Guerino Capretti (VfB Luebeck, Trainer)

Name: Guerino Capretti

Cheftrainer des VfB Lübeck
  • Geburtsdatum (Alter): 05.02.1982 (43)
  • Geburtsort: Maddaloni, Italien
  • Nationalität: Deutschland/Italien
  • Im Amt seit: 01.07.2024
  • Erste Station als Cheftrainer: Delbrücker SC
  • Weitere Trainerstationen: SC Verl, Dynamo Dresden, FC Ingolstadt

 

Randnotiz: Im April dieses Jahres verlängerten Capretti und sein Co-Trainer Pierre Becken ihre Verträge beim VfB Lübeck um zwei weitere Jahre bis mindestens zum Sommer 2027. Der Cheftrainer selbst sagt dazu: „Ich freue mich auf die weitere Zusammenarbeit. Der Anfang ist gemacht und ich habe gemerkt, was in diesem Verein steckt. Auch deswegen bin ich überaus überzeugt davon, den weiteren Weg beim VfB Lübeck zu gehen.“

Pokalhistorie

Der VfB Lübeck blickt auf eine lange Fußballtradition und zahlreiche regionale Erfolge zurück. Insgesamt hat der Verein bislang 39 Spiele im DFB-Pokal bestritten. Die Premiere fand in der Saison 1954/55 statt, als vor 20.000 Zuschauern ein 2:1-Auswärtssieg beim Spandauer SV gelang.

Siebenmal holte der VfB den Landespokal Schleswig-Holstein – in den Jahren 2025, 2023, 2022, 2019, 2016, 2015 und 2012. Der jüngste Erfolg datiert vom 24. Mai 2025, als Lübeck im Finale mit 2:1 gegen Kaltenkirchen siegte und sich damit erneut die Teilnahme am DFB-Pokal sicherte.
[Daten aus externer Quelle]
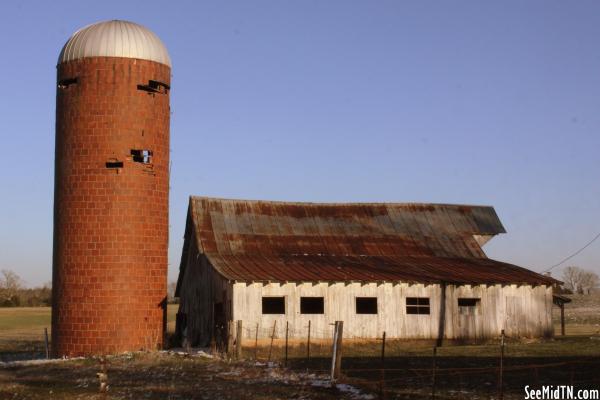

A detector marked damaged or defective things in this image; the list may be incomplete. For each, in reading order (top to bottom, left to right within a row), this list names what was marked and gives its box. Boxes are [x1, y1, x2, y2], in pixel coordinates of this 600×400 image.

rusty metal roof [180, 196, 556, 284]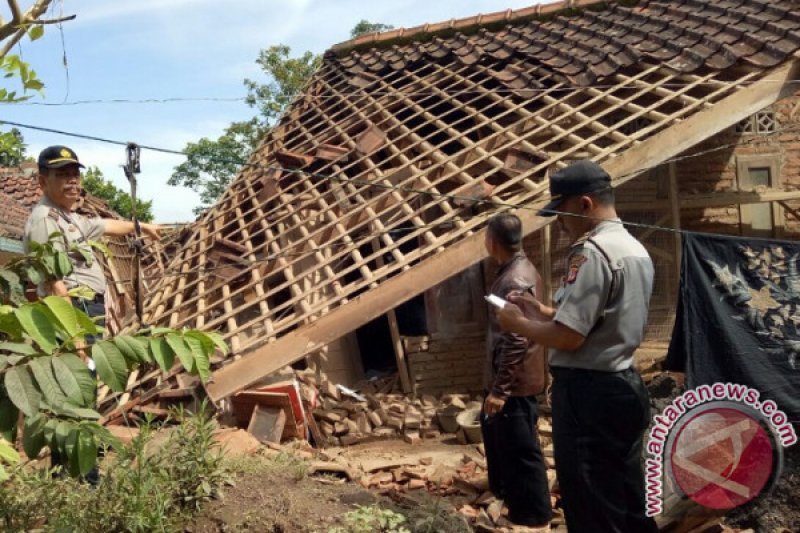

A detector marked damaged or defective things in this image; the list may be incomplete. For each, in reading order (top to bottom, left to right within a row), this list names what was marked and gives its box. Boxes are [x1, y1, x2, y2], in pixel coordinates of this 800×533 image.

damaged house [54, 0, 800, 424]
Die erfolgreichste DFB-Pokalsaison der Norddeutschen liegt jedoch schon etwas zurück: In der Spielzeit 2003/04 – damals noch als Zweitligist – marschierte der VfB bis ins Halbfinale. Dort endete der Traum vom Finale in Berlin erst in der Verlängerung mit einer 2:3-Niederlage gegen Werder Bremen, den späteren Pokalsieger.